• EXTRACTED ENTRIES
──────

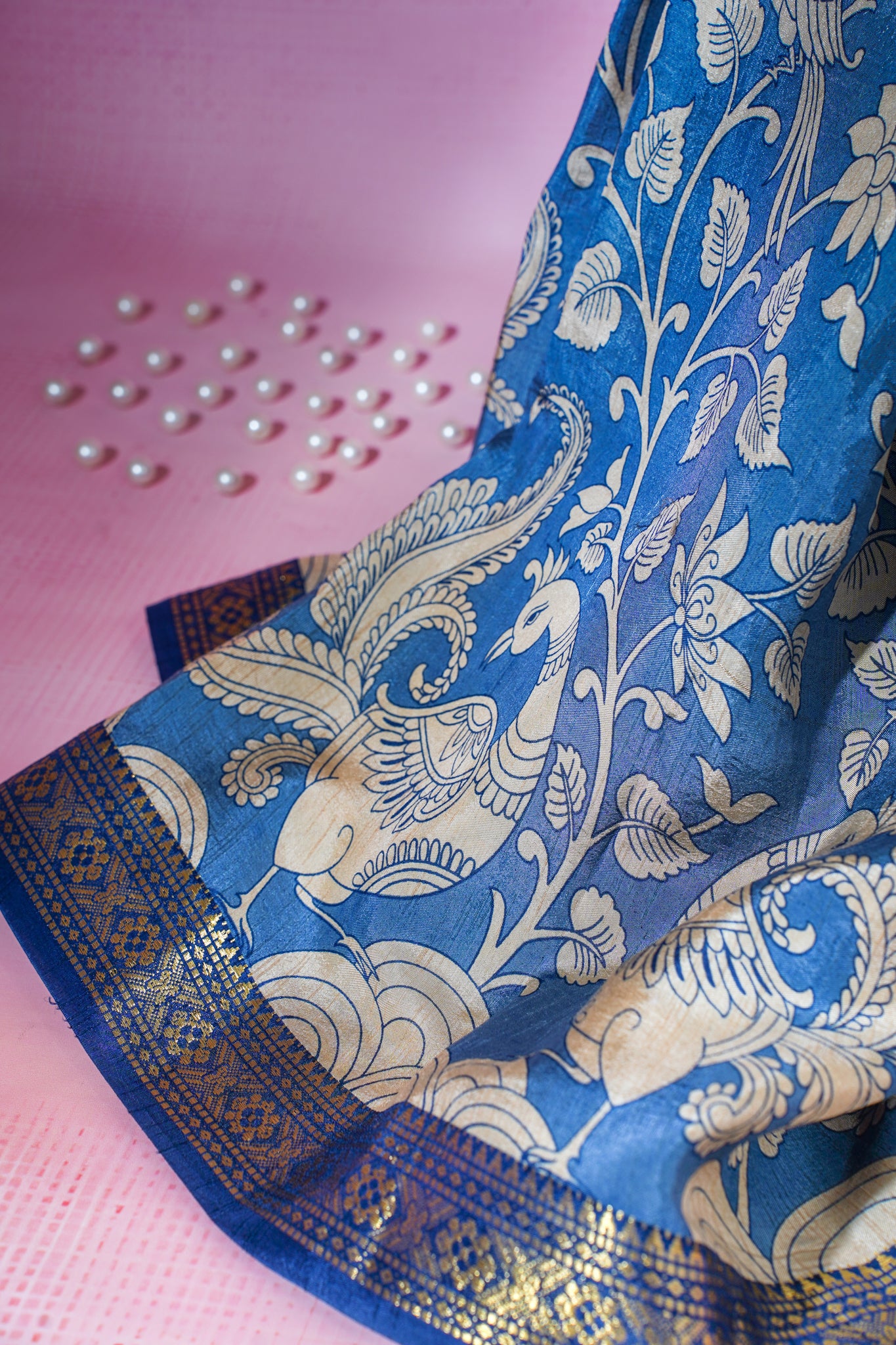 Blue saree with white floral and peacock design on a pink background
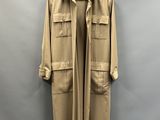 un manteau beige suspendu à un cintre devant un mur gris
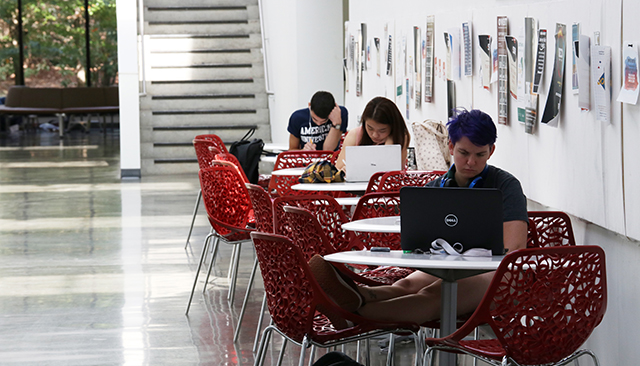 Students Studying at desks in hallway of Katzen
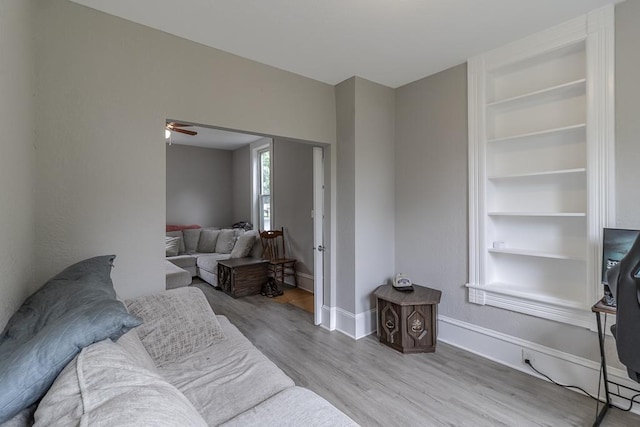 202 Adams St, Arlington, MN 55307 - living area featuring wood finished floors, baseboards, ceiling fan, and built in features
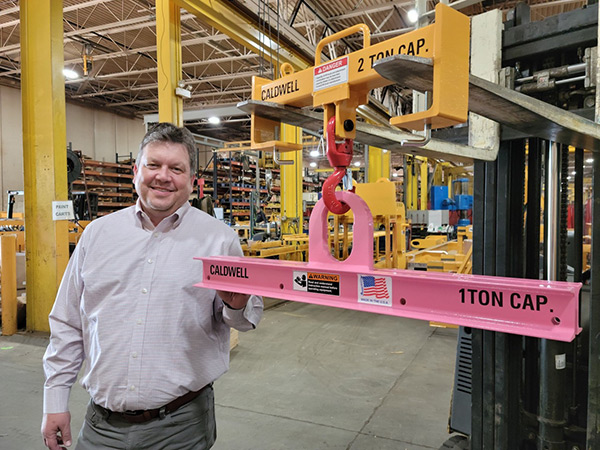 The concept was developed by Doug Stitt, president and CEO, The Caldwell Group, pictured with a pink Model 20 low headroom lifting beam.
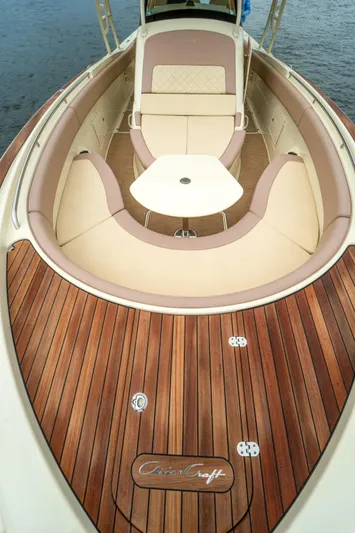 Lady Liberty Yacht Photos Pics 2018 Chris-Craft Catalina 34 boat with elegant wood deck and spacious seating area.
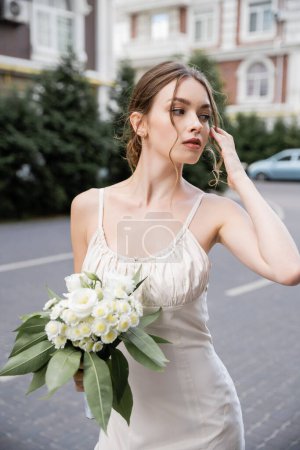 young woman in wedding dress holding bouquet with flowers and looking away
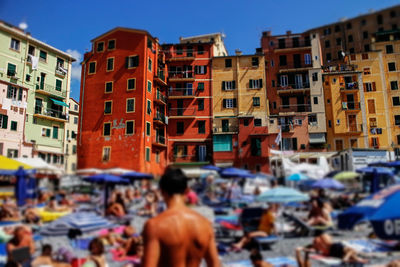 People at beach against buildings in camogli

──────

• TASK TO COMPLETE
Repeat the material exactly. Skip the images.

• SOLVED EXERCISE
 Blue saree with white floral and peacock design on a pink background
 un manteau beige suspendu à un cintre devant un mur gris
 Students Studying at desks in hallway of Katzen
 202 Adams St, Arlington, MN 55307 - living area featuring wood finished floors, baseboards, ceiling fan, and built in features
 The concept was developed by Doug Stitt, president and CEO, The Caldwell Group, pictured with a pink Model 20 low headroom lifting beam.
 Lady Liberty Yacht Photos Pics 2018 Chris-Craft Catalina 34 boat with elegant wood deck and spacious seating area.
 young woman in wedding dress holding bouquet with flowers and looking away
 People at beach against buildings in camogli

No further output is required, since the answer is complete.